Starting therapy with an OT is a transition. DSI kids traditionally don't do well with transitions. Prior to the start of therapy, coordinate a transition strategy with your OT. Discuss whether or not, at least for the first few sessions, it would be a good idea for you to attend. There are pros and cons to attending the session - especially if your child has separation issues. One of the major benefits of attending sessions with your child is that you will learn a lot about how to teach your child new things, get him to attend.

Here are some OT tips to keep in mind as you get started:

A sensory diet is an all-day, every day matter. Ask your OT to help you create a good sensory diet plan for home and school.

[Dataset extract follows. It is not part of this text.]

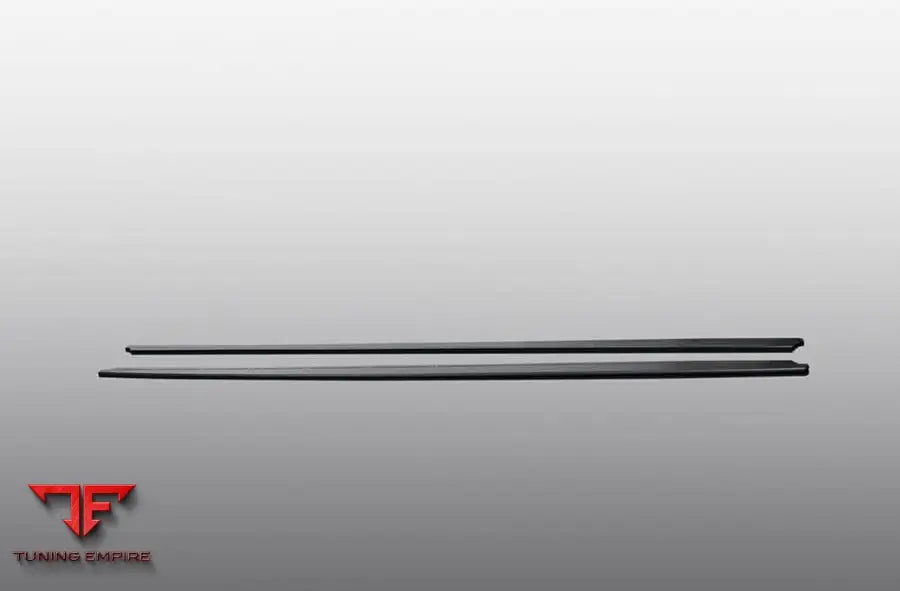 AC Schnitzer side skirts for BMW M5 F90 — AC Schnitzer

Ask your OT for a list of supplies you will need to get for the sensory diet.

If weighted or hug vests, weighted blankets or other expensive items are suggested, ask to borrow some to try out.

OT is where your child will most likely learn to self-regulate. Coordinate a self-regulation technique for use at home school and OT.

If your child does not receive OT at school, ask your private OT to talk to the teacher about preparing a suitable sensory environment for your child.

If your child has sensory issues with food textures, let your OT know. She can incorporate strategies into her OT plan.

If your child has social issues, such as not knowing how to deal with teasing at school, let your OT know. She can help with social skills.